Required work:
Set down, please, the line that contains "Green Hand Block-Printed Cotton Izhaar Pants" and every line that follows it to the end of the records, exactly; do not include pictures.

Collected data
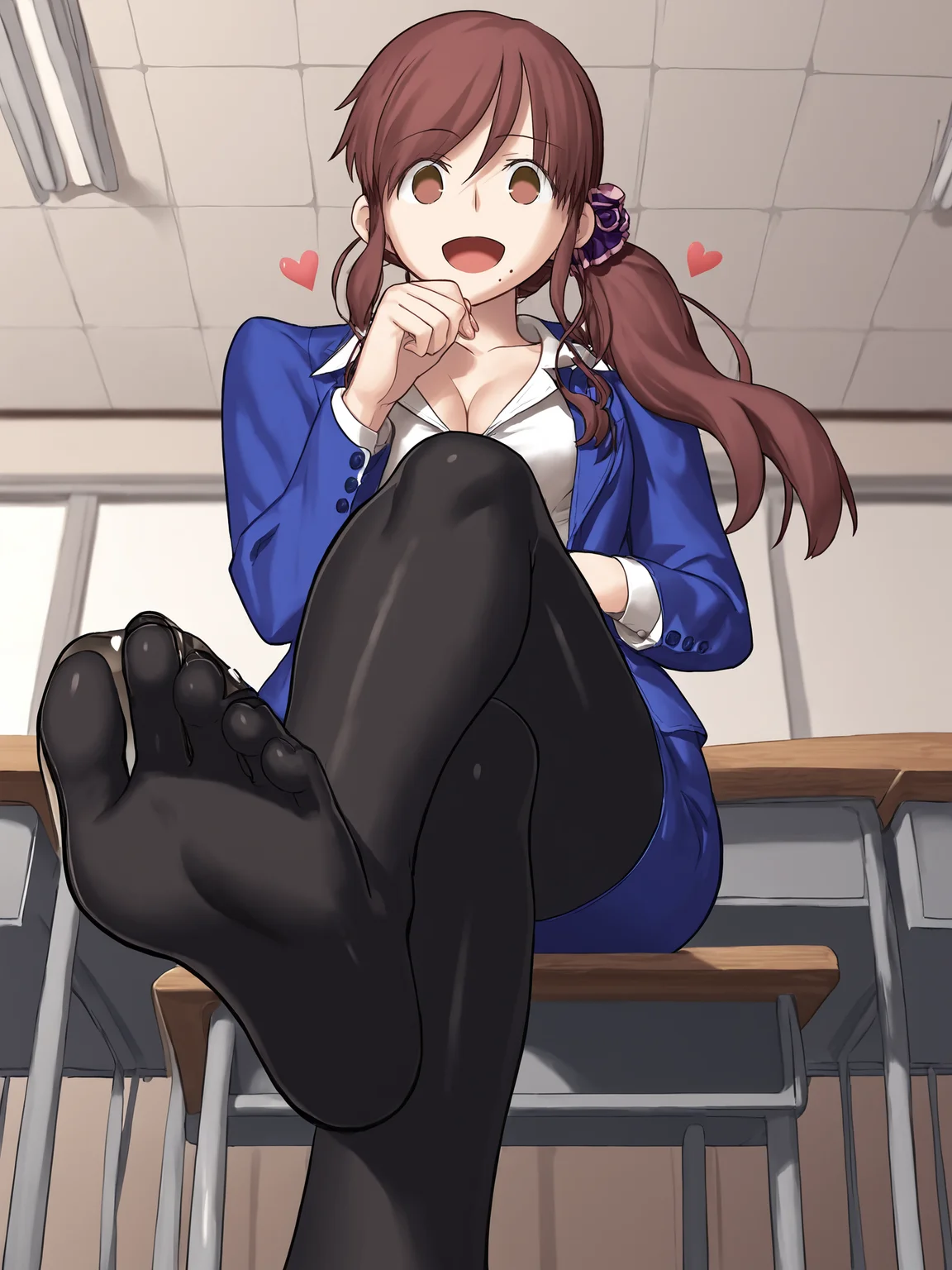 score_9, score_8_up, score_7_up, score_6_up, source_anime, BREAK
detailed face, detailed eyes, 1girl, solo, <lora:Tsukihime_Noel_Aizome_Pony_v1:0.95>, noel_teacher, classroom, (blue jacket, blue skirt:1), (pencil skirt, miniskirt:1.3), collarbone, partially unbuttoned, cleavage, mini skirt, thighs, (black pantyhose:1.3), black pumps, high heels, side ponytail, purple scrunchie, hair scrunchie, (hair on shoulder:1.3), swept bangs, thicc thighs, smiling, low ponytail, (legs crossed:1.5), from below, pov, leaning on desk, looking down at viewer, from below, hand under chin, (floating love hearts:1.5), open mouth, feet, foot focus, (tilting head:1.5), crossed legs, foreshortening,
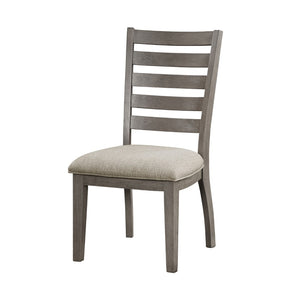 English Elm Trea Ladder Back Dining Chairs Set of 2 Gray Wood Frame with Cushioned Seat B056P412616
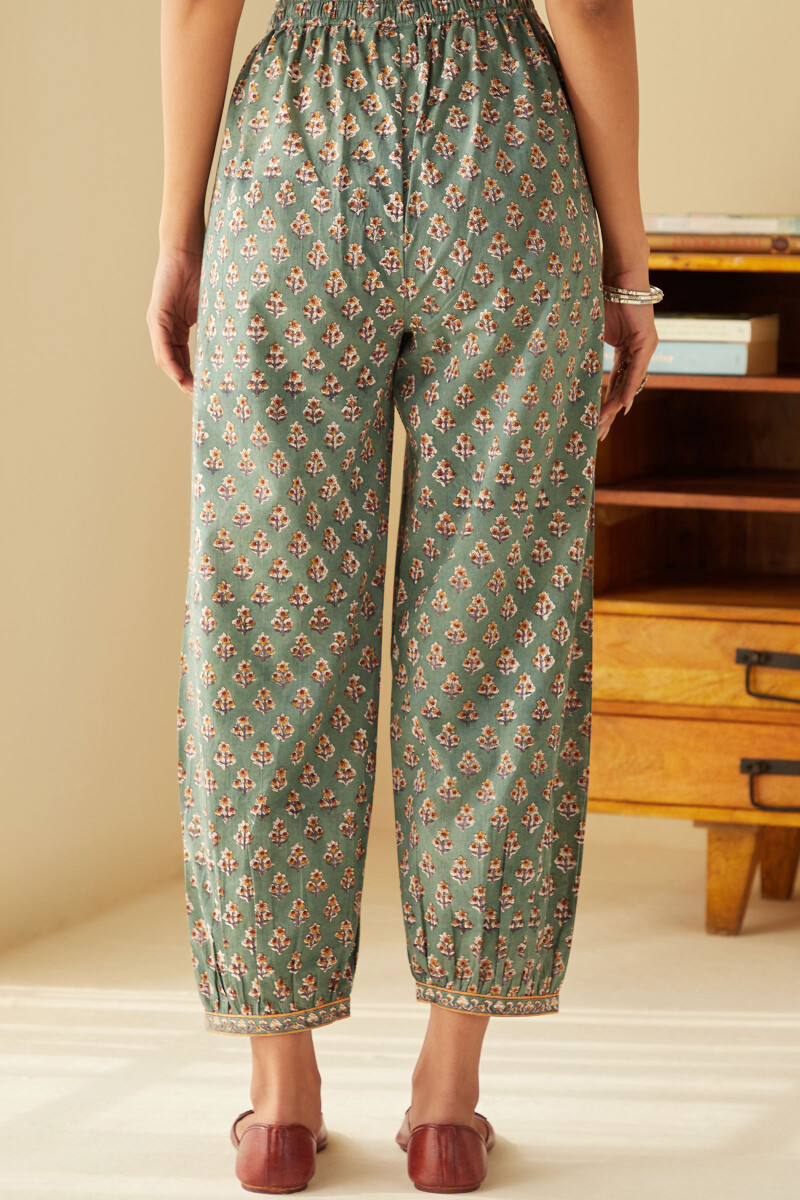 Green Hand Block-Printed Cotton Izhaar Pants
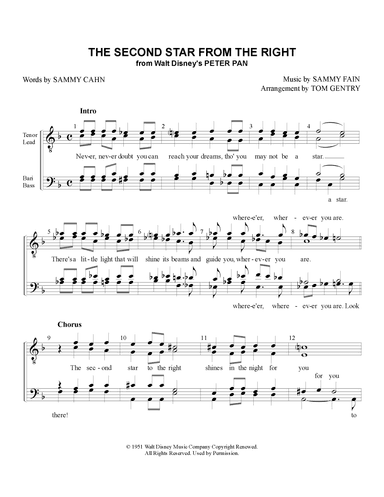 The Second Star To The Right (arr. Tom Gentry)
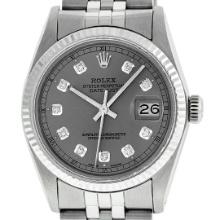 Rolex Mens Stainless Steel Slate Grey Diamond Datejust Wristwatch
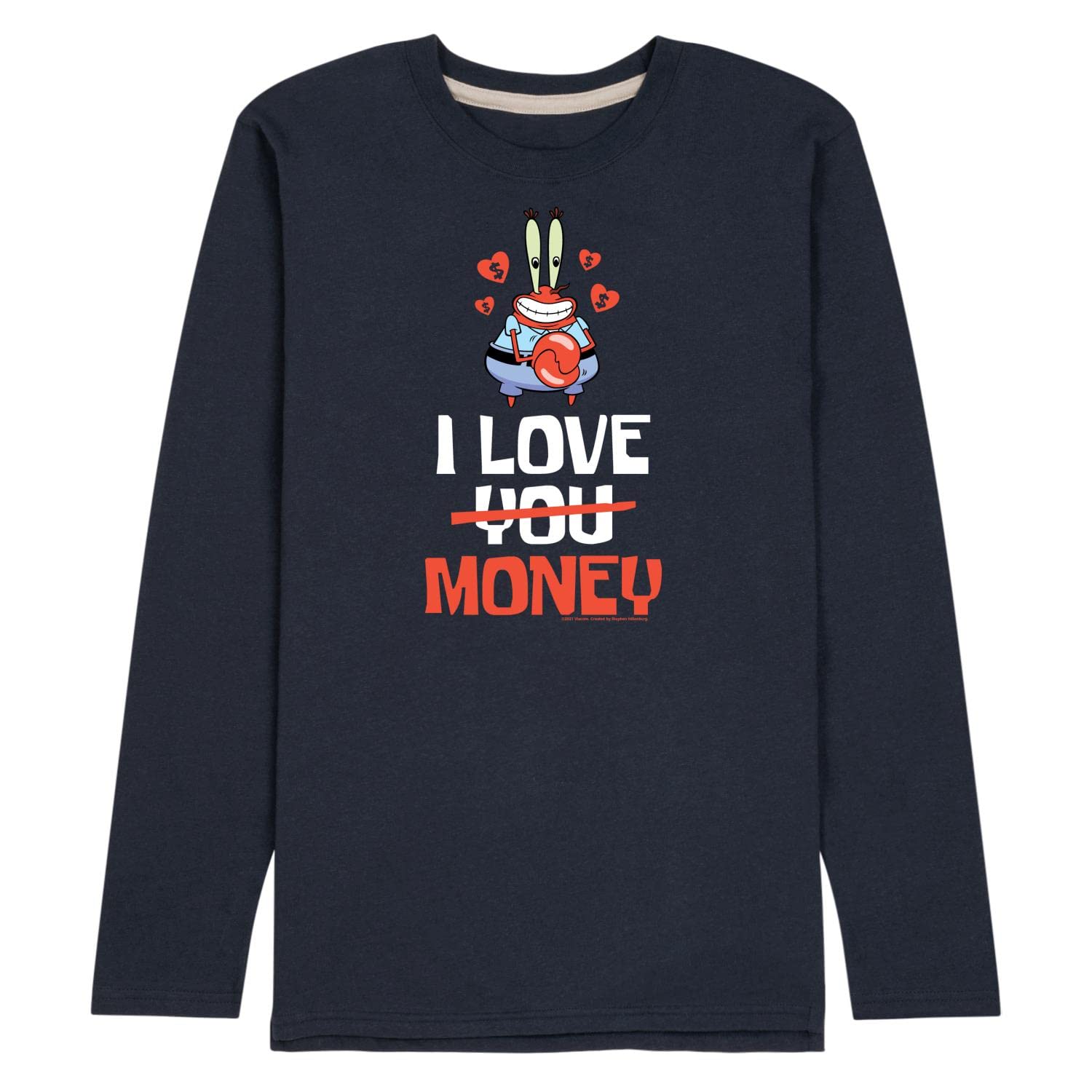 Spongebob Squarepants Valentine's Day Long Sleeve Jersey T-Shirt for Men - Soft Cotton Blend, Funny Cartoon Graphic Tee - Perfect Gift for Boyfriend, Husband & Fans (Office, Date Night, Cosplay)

Task solution:
 Green Hand Block-Printed Cotton Izhaar Pants
 The Second Star To The Right (arr. Tom Gentry)
 Rolex Mens Stainless Steel Slate Grey Diamond Datejust Wristwatch
 Spongebob Squarepants Valentine's Day Long Sleeve Jersey T-Shirt for Men - Soft Cotton Blend, Funny Cartoon Graphic Tee - Perfect Gift for Boyfriend, Husband & Fans (Office, Date Night, Cosplay)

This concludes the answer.